Being Blonde Has Never Been Just About Hair Color

Pigeon dung. Horse urine. Mud. Peroxide and ammonia. Soap flakes, bleach, lemon juice. Gold dust and dye made of saffron, the most expensive spice in the world. All of these have something in common: humanity’s relentless obsession with blonde. People across time and civilizations have subjected their hair fibers to all of the above in pursuit of becoming more blonde. There is something about what it means to have golden hair, to have the kind of beauty that poets have written epics about, the kind that soldiers kept grainy photographs of in foxholes, that makes coating your hair with pigeon dung seem rational. Blonde is a dream to hold on to. Blonde is glamour, sex. When you think of a “blonde bombshell,” you think not only of the woman herself but of the frenzy of desire that surrounds her. You think, first, of Marilyn Monroe. 

Monroe’s celebrity owes itself to her peroxide habit and her well-documented beauty rituals. Every Saturday morning, she would fly her colorist Pearl Porterfield (who had also worked with Jean Harlow) from San Diego to Los Angeles to dye her naturally brown hair blonde in the kitchen of her LA bungalow. So protective of her trademark shade, Monroe didn’t like to work on a movie set with another blonde actor, refusing to film in such cases. With her hair dyed blonde, she was the center of gravity in every room she walked into. Monroe’s blonde is iconic because it meant desire and control.
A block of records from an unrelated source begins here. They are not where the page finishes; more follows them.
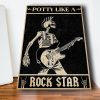 Skeleton Potty Like A Rock Star Guitar Canvas- 0.75 & 1.5 In Framed Canvas - Home Wall Decor, Wall Art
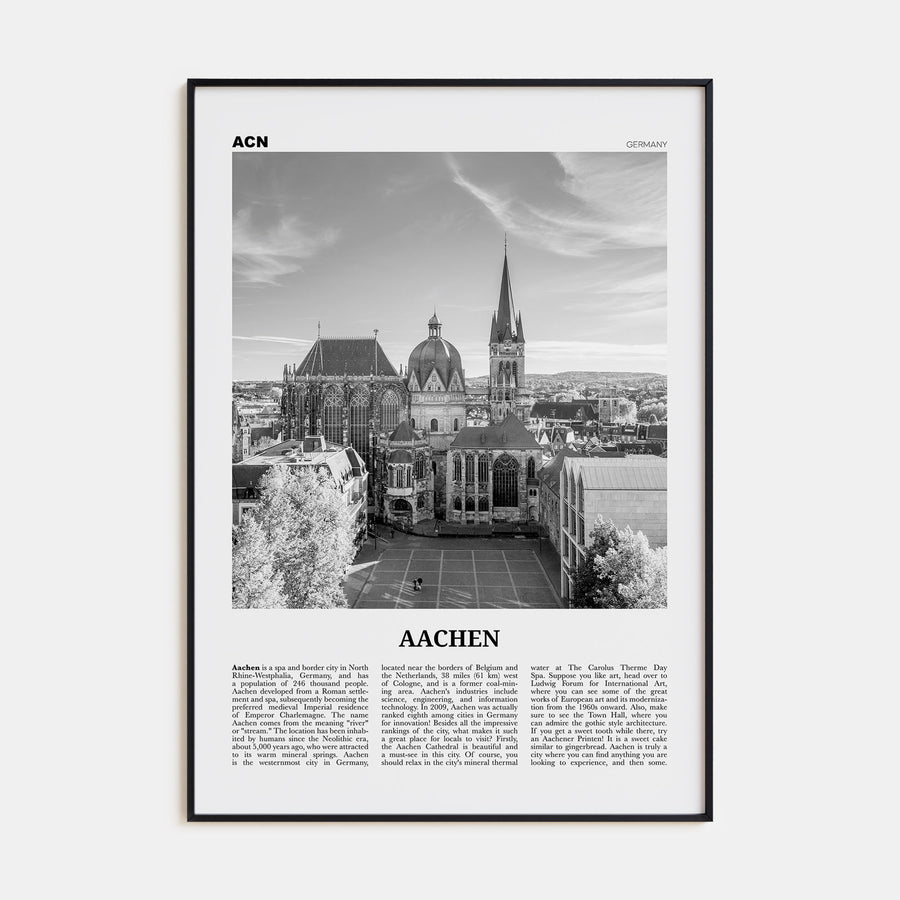 Aachen Travel B&W Poster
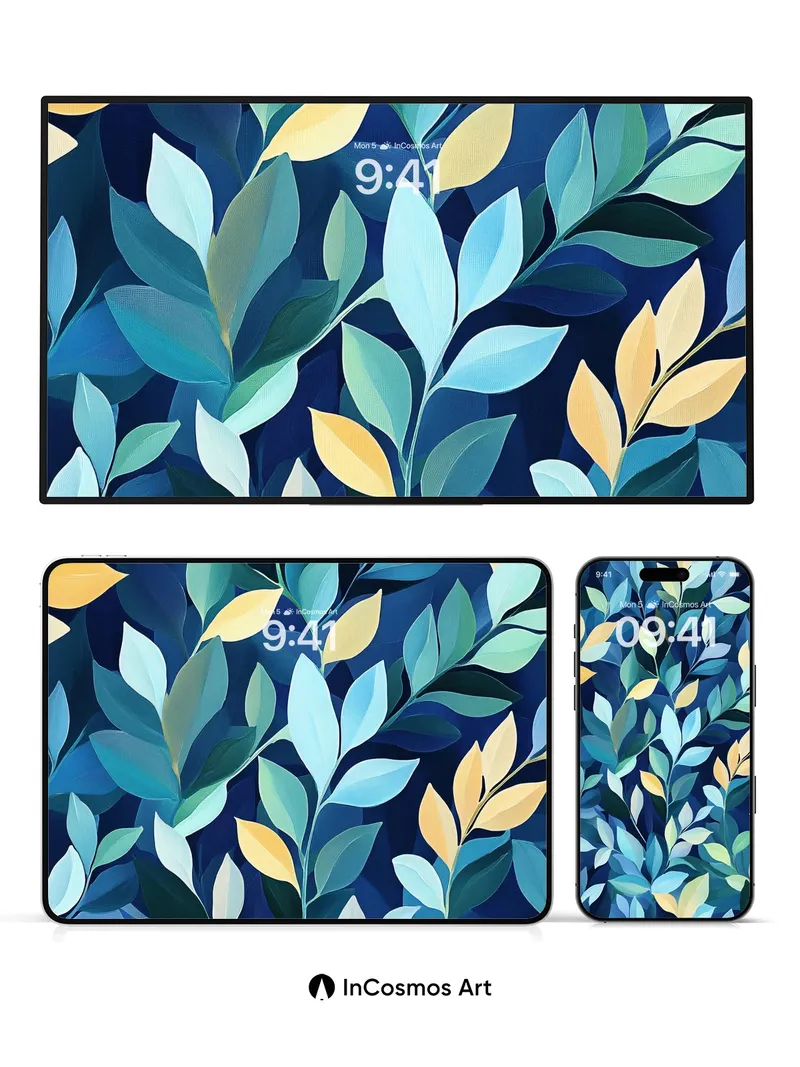 Midnight Leaf Symphony Wallpaper with Golden Hues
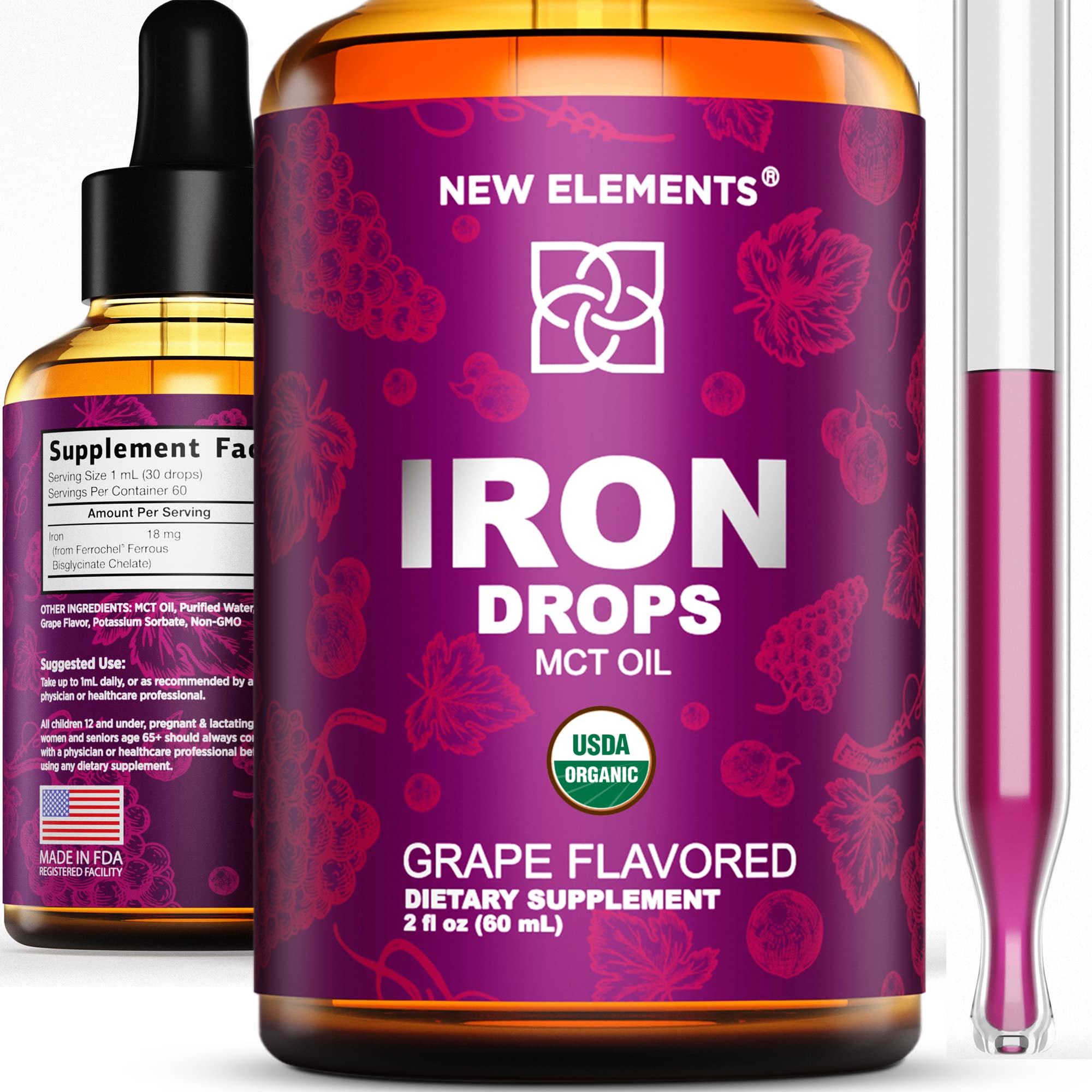 Iron Supplement for Women & Men Free Blood Builder, Iron Vitamin for Anemia USDA Organic Liquid Iron Drops for Adults with...
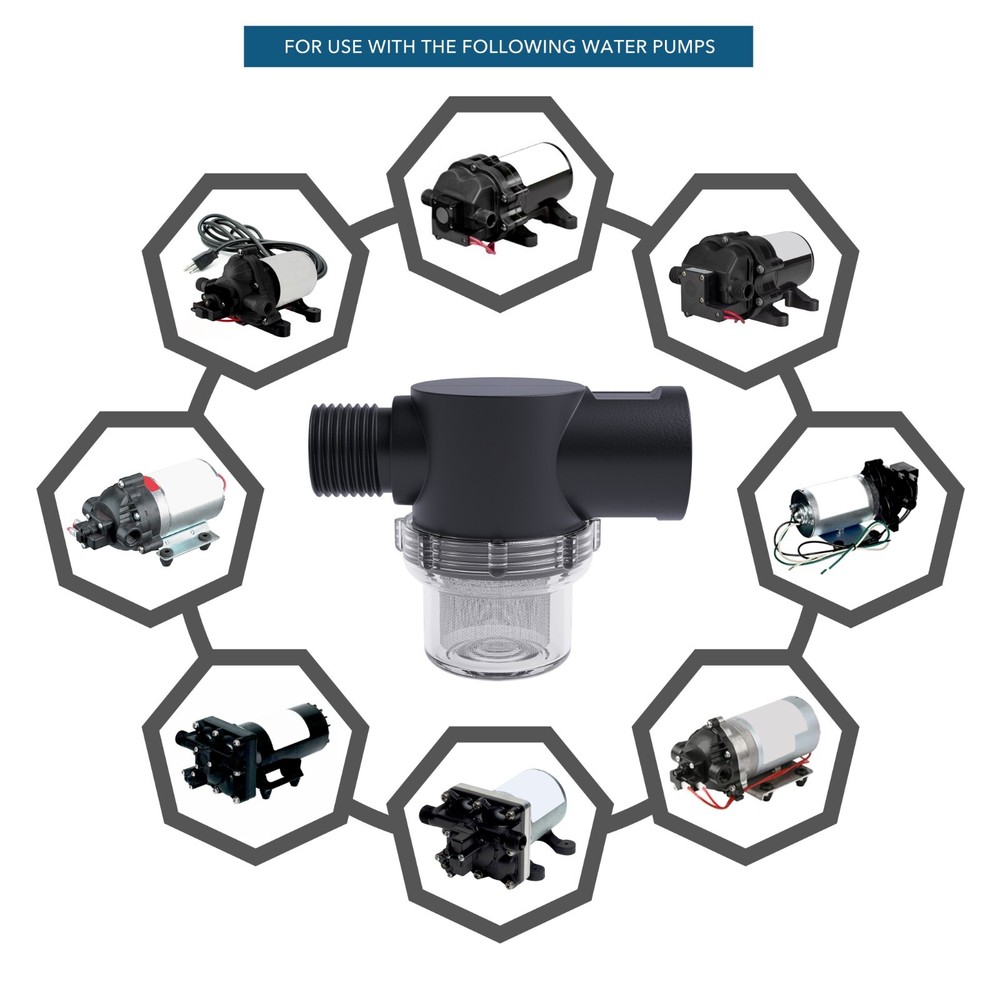 RV Trailer Pump Filter Fresh Water Pump Strainer Compatible with WFCO or Shurflo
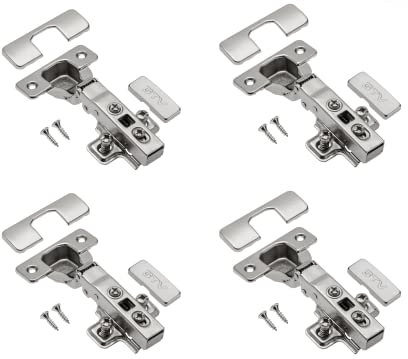 GTV - 4 x Bisagra hidráulica ECHC, superpuesta - Bisagra con amortiguación - Tope de esquina - Placa de montaje H=0 con tornillos europeos - Cierre silencioso - Bisagra para muebles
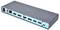Station d'accueil USB grise avec plusieurs types de ports : Ethernet, HDMI, USB-A et USB-C. Utilisée au bureau pour le transfert de données et la connexion d'appareils.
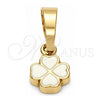 Dije Elegante 05.163.0068 Oro Laminado, Diseño de Flor, Esmaltado Blanco, Tono Dorado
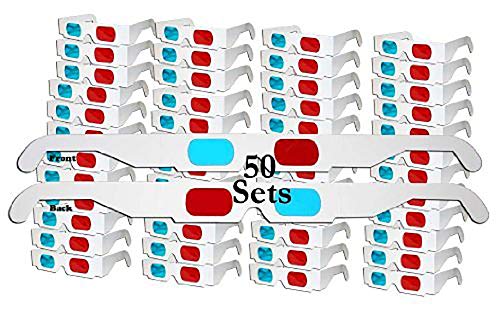 Product Cover Jtshy 50 Pairs - FLAT- 3D Glasses Red and Cyan WHITE Frame Anaglyph Cardboard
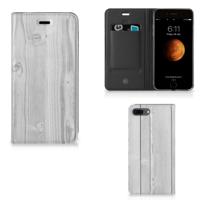 Apple iPhone 7 Plus | 8 Plus Book | Wallet Case | White Wood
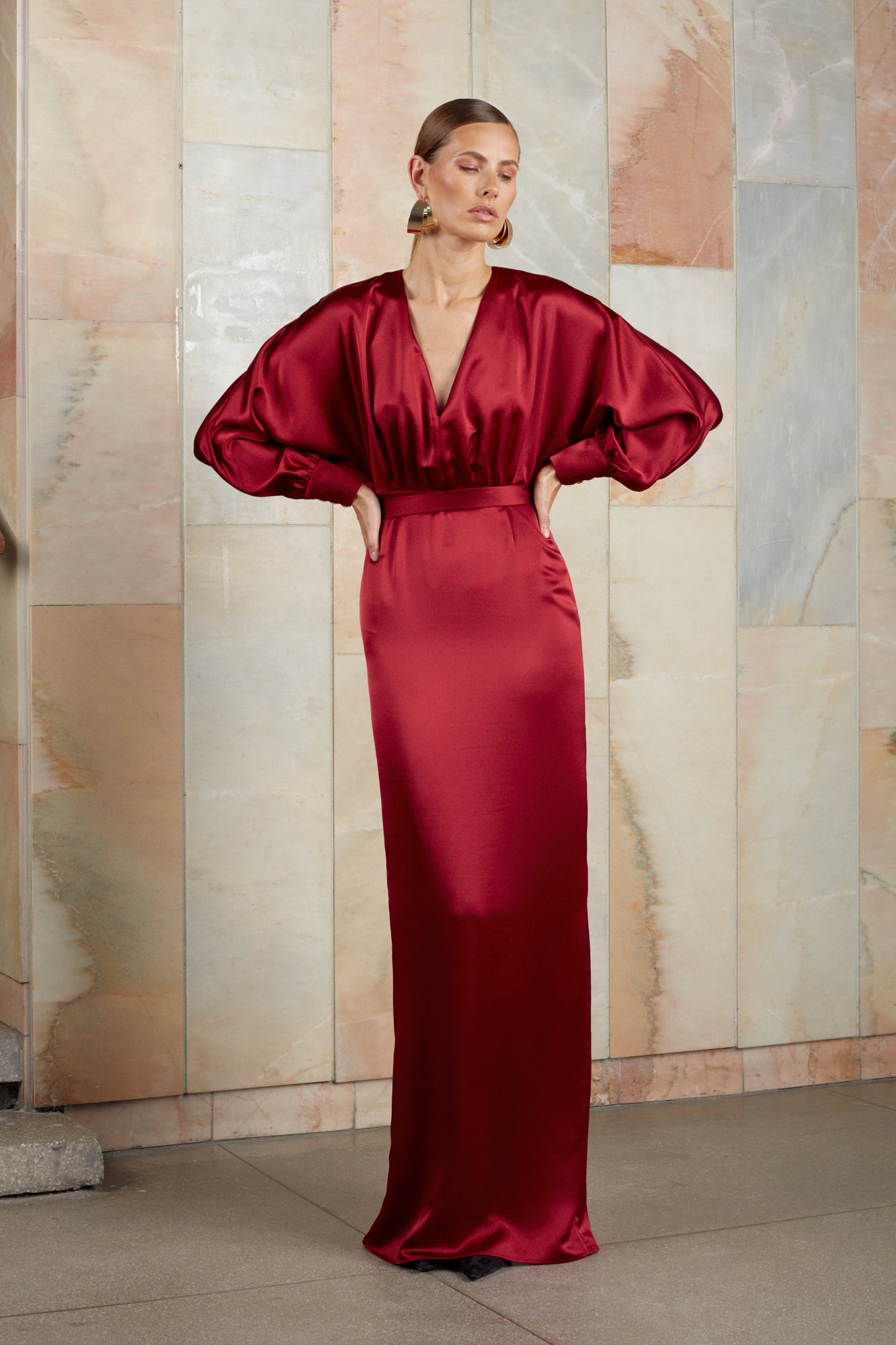 Deep red maxi dress BONA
“It’s a very distinctive artificial blonde that you can’t hide behind. It takes a lot of maintenance; there are never any roots showing. It’s not only a statement, but it’s a very expensive statement,” says Rae Nudson, author of All Made Up: The Power and Pitfalls of Beauty Culture, From Cleopatra to Kim Kardashian. “You cannot divorce the context of what blonde has represented in Hollywood from what you want to be associated with when you dye your hair that color. It’s what you enter the room with and the projection that first comes to mind.”

Over the past 60 years, when people think of the term “blonde bombshell” they think mostly of Monroe’s doomed glamour and a long procession of white women following her footsteps in Hollywood. But the term has accommodated more melanated members too. There is the singer Joyce Bryant, nicknamed “The Bronze Blonde Bombshell” and “The Black Marilyn Monroe,” who coated her hair with silver radiator paint and performed in a lowcut gown with silver mink fur, looking so immaculate that reportedly even Josephine Baker would offer her flowers. Bryant’s career was at a high before Monroe ascended. So, really, Monroe was “The White Joyce Bryant.”